"We are not measured by the trials we meet -- only by those we overcome."
- - Spencer W. Kimball
December 15, 2011
Guessing can harm marriages
by Orson Scott Card

Why do marriages break up? Arguments about the children, about money, about religion, about sex; personality conflicts, incompatibility, bad conflict resolution; all these things are true, and all are incomplete.

When President Kimball told us that any Latter-day Saint couple of good will could make a happy marriage, he was right -- but he didn't mean that it would happen automatically.

Quarrels over child-rearing or money or ambition or scheduling are rarely caused by those issues -- though the issues are usually real enough, and need to be resolved.

Often the reason they can't be resolved is that spouses are so filled with resentment or anger or loneliness or despair that the subject under discussion is merely an excuse for lashing out to hurt the other person -- or another reason to withdraw and move farther apart.

Some marriages fail because one of the partners is, in fact, completely evil or utterly weak. Desires and impulses cannot be controlled, with destructive results. Prideful people are determined to get their way no matter what the cost to someone else.

Such people are simply incapable of sustained partnership of any kind, and any marriage they're pretending to be a part of is doomed. But such people are rare. Chances are your spouse is not one of them.

Most of the time, marriages fall apart despite the fact that both people are good at heart and want to make it work.

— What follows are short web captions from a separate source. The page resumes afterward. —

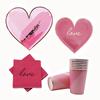 8 шт. одноразовая посуда ко Дню святого Валентина одноразовая бумажная тарелка милая розовая форма любви для свадьбы, дня рождения, декора, вечеринки
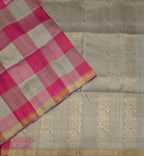 VSF1318 - grey with pink color body , grey color pallu,blouse - Pure silk saree
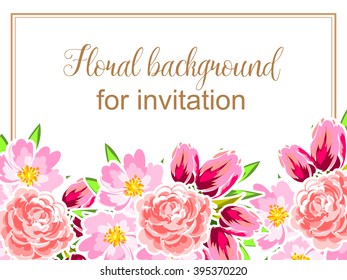 Romantic invitation. Wedding, marriage, bridal, birthday, Valentine's day. 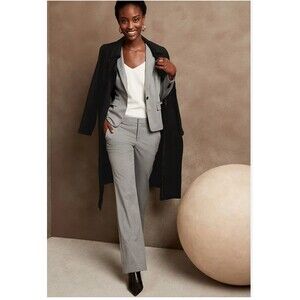 BANANA REPUBLIC Logan Trouser-Fit Lightweight Wool Pant Grey Size 8 NEW Career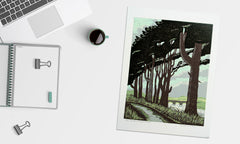 Linocut Print - Pine Trees On Murlough Dundrum 2007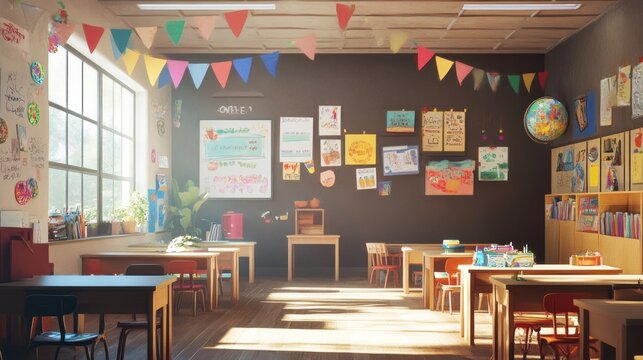 Illustration of decoration of bilingual education classroom where children learn. Ai generated image
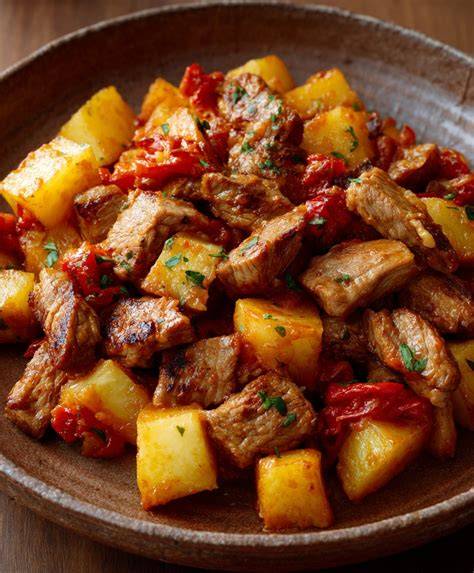 Sartén con trozos de carne de cerdo dorándose junto a cebolla picada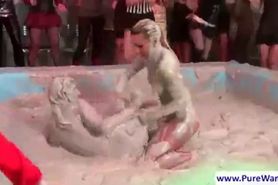 Nasty chicks fighting in mud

But in their hearts, they have either the cold stone of disappointment and despair, or the boiling cauldron of resentment and anger, caused by a failure of intimacy; as long as such deep pain persists, nothing else goes well.

One of the meanings of marriage is "bringing together two unlike things to achieve a common purpose."

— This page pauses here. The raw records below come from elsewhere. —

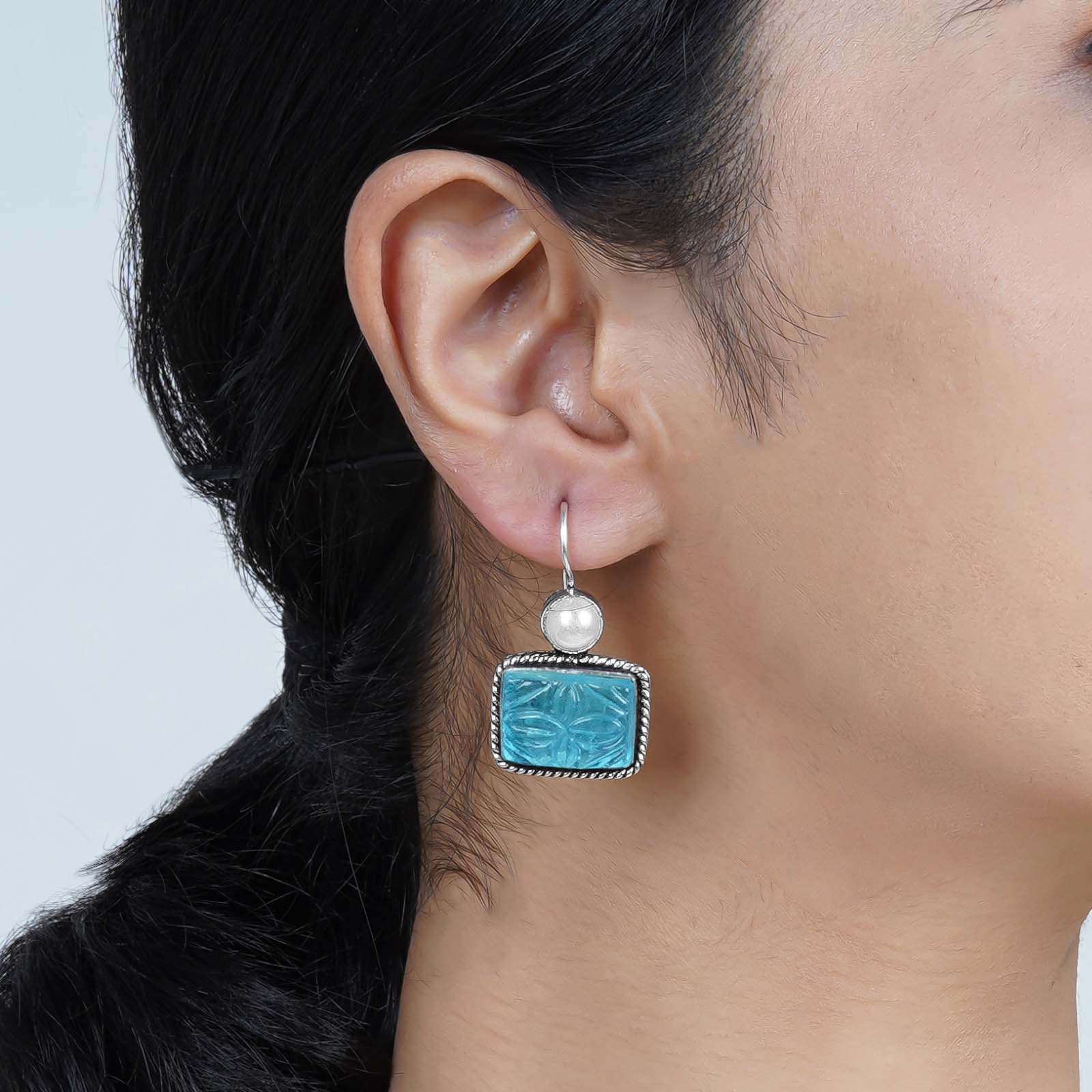 Teejh Diti Aqua Blue Stone & Pearl Earrings - Image 2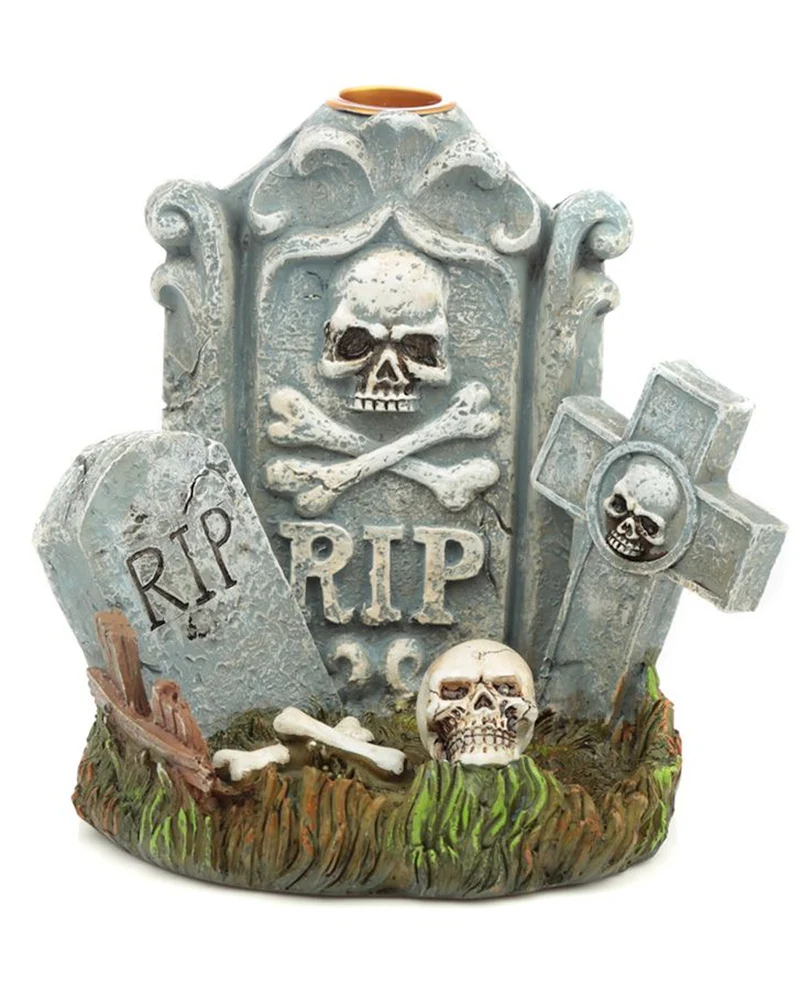 Halloween RIP Grabstein Rückfluss Räucherkegelhalter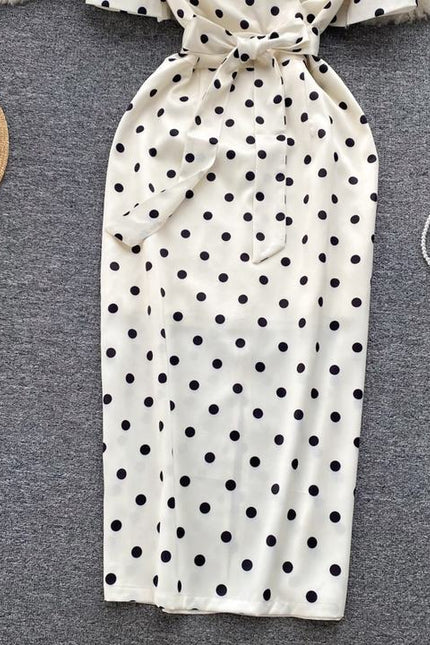 Summer Latest V Neck Short Sleeve Straight Casual Polka Dot Summer Dress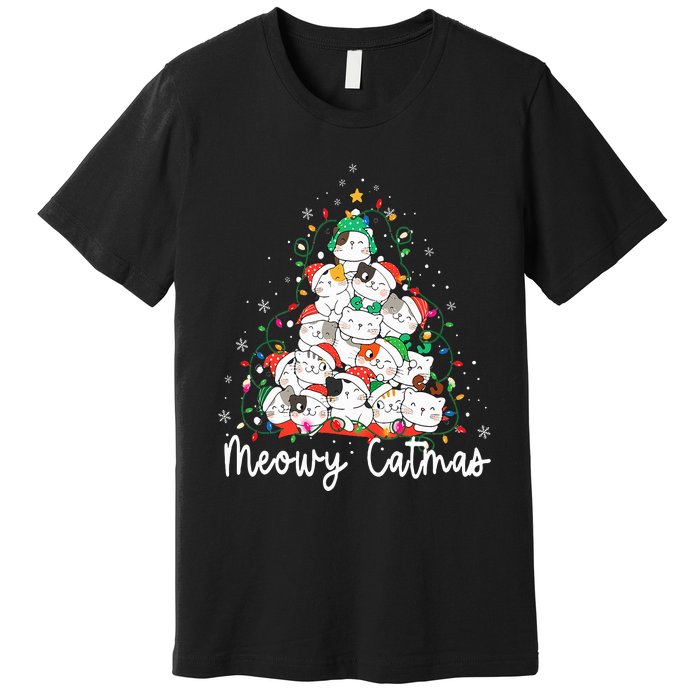 Meowy Catmas Cat Christmas Tree Xmas Funny Santa  Premium T-Shirt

Men and women are unlike -- deeply, profoundly different. And nowhere is this more apparent than in matters of physical intimacy. Male and female bodies have radically different hungers and are satisfied in very different ways -- yet throughout the animal kingdom, their natural behaviors do result in the propagation of the species.

In a vast number of marriages, even ones that seem to be working rather well, times of intimacy leave one or both spouses feeling either the stone or the cauldron.

The results are loneliness and unsatisfied yearnings, which makes them vulnerable to many temptations.

Part of being a good person -- a responsible adult -- is the ability to master temptation, to set it aside, to ignore it.

But isn't it better to also work to take away the stone, to cool that cauldron in your partner's heart?

In far too many marriages, matters of intimacy are never, never, never discussed, except perhaps to quarrel over frequency or the time of day or who initiates it.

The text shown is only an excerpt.